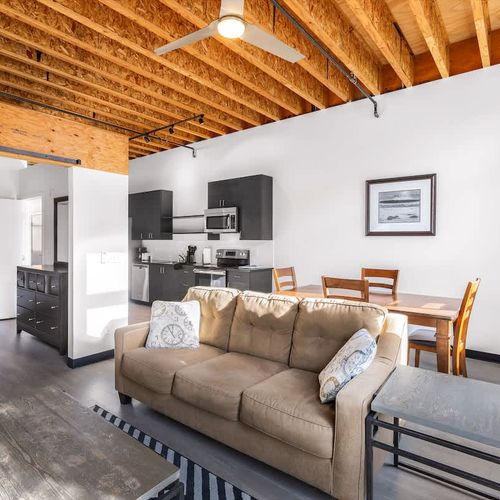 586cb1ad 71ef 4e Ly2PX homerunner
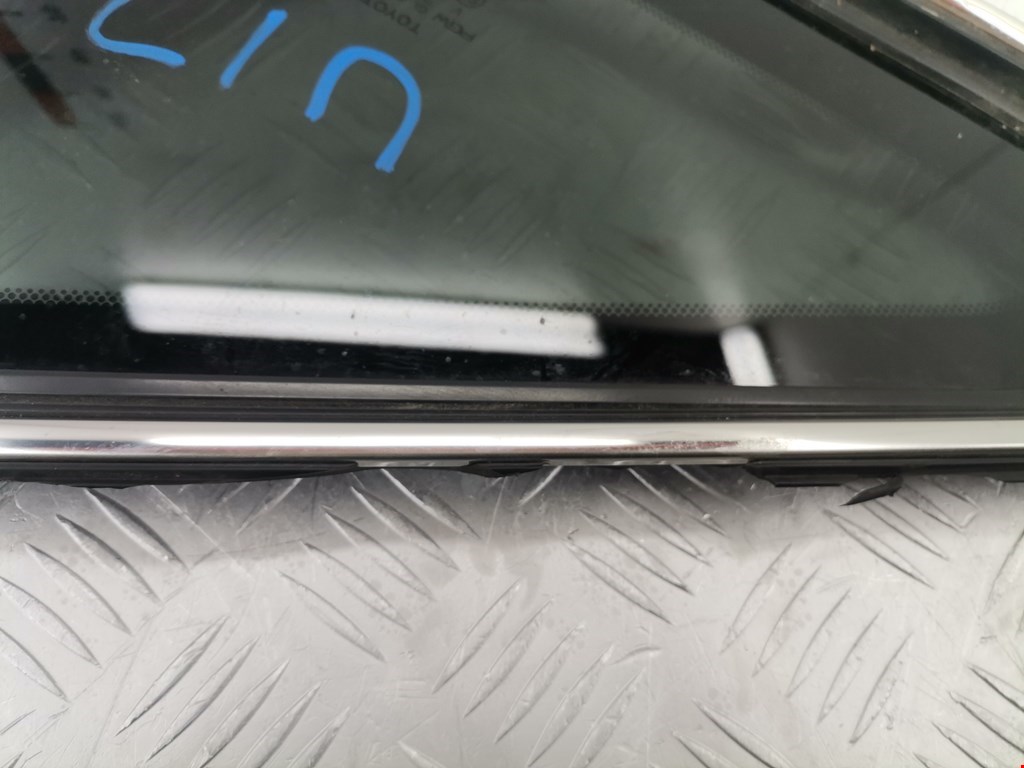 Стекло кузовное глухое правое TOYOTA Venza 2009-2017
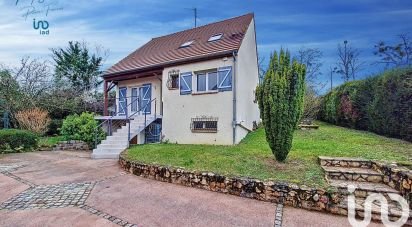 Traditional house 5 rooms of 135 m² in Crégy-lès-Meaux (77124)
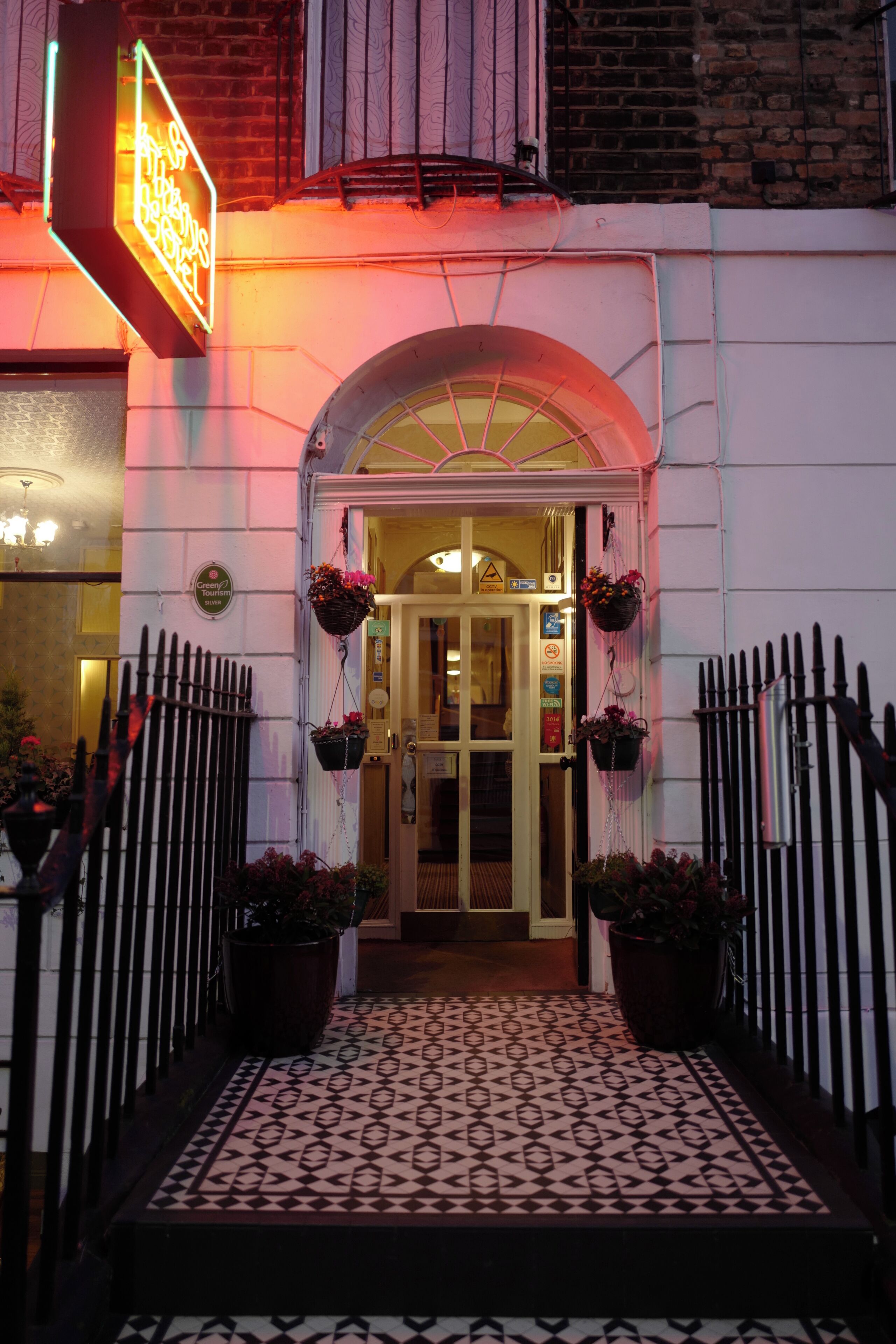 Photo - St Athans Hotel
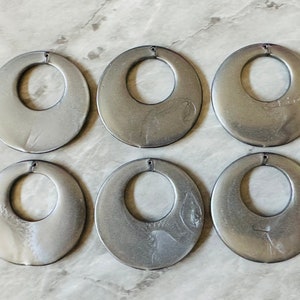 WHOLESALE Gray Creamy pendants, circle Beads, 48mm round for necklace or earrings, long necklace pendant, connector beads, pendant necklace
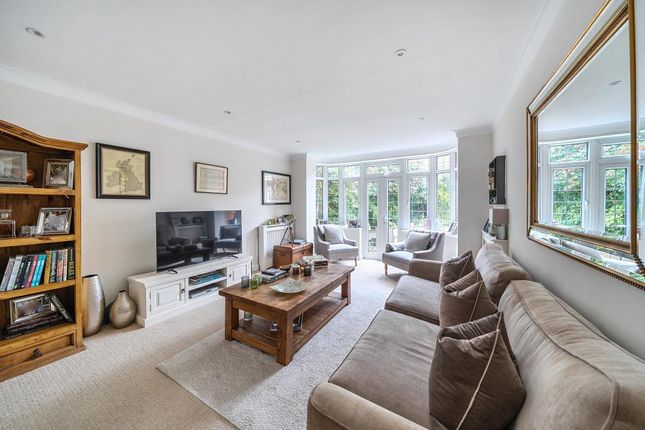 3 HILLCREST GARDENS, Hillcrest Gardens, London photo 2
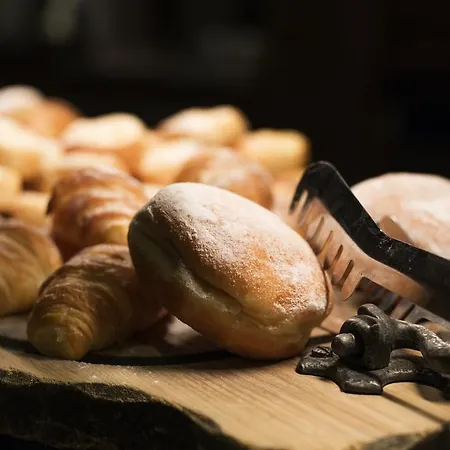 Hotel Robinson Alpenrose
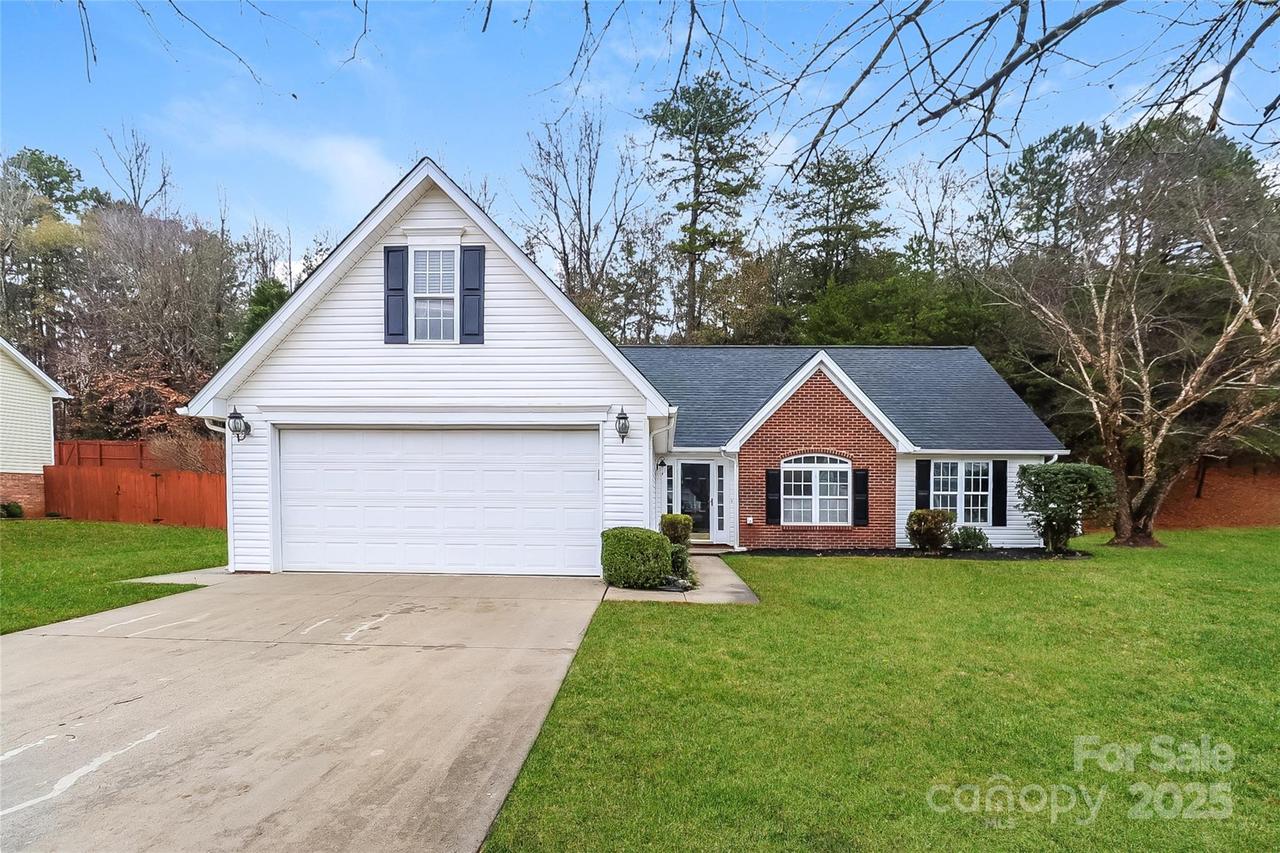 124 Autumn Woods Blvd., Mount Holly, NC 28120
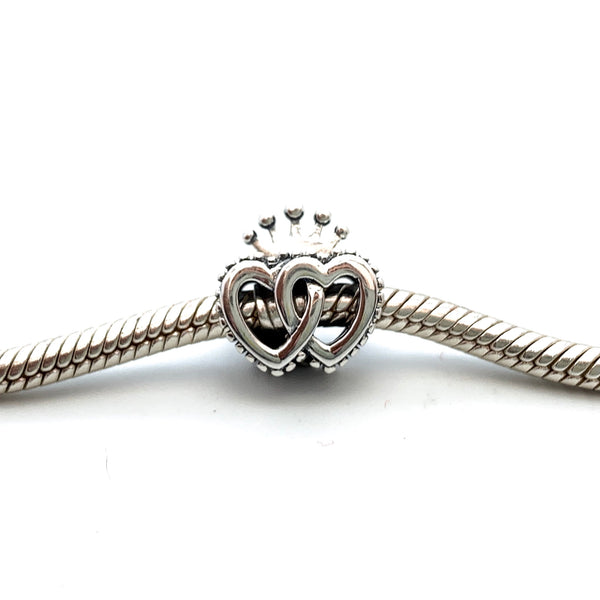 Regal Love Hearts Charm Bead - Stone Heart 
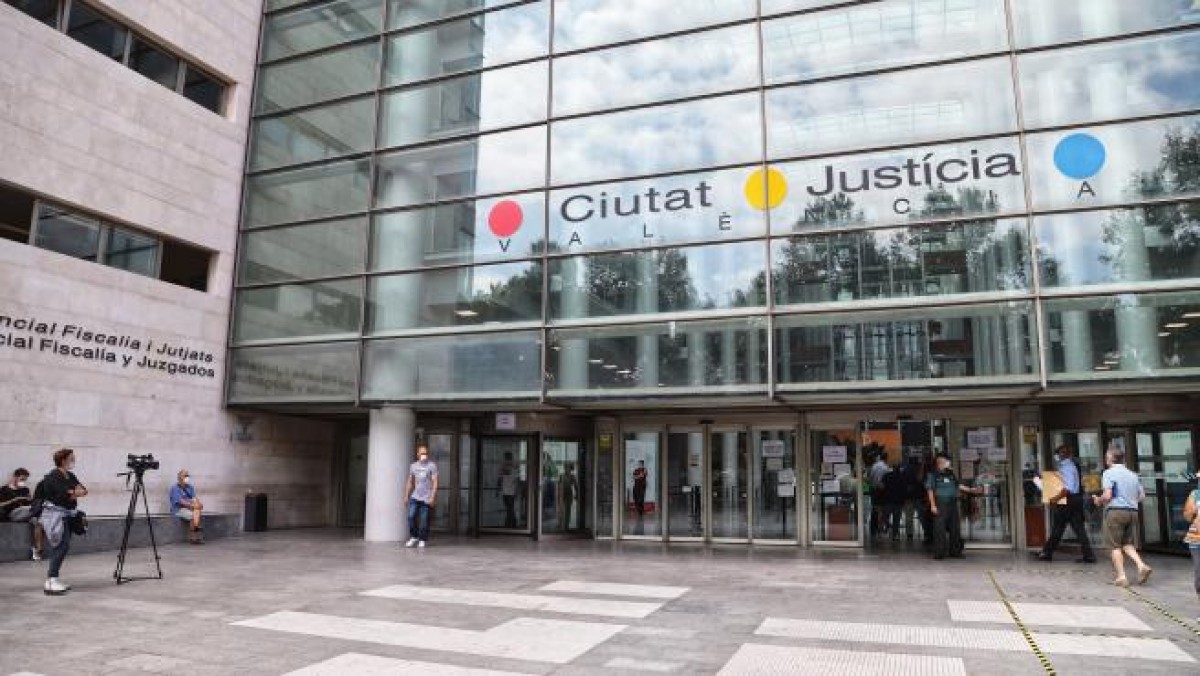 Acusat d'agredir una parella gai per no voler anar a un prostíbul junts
────
* Task brief
Print the entries above exactly, leaving pictures out.

* Completed task
 586cb1ad 71ef 4e Ly2PX homerunner
 Стекло кузовное глухое правое TOYOTA Venza 2009-2017
 Traditional house 5 rooms of 135 m² in Crégy-lès-Meaux (77124)
 Photo - St Athans Hotel
 WHOLESALE Gray Creamy pendants, circle Beads, 48mm round for necklace or earrings, long necklace pendant, connector beads, pendant necklace
 3 HILLCREST GARDENS, Hillcrest Gardens, London photo 2
 Hotel Robinson Alpenrose
 124 Autumn Woods Blvd., Mount Holly, NC 28120
 Regal Love Hearts Charm Bead - Stone Heart 
 Acusat d'agredir una parella gai per no voler anar a un prostíbul junts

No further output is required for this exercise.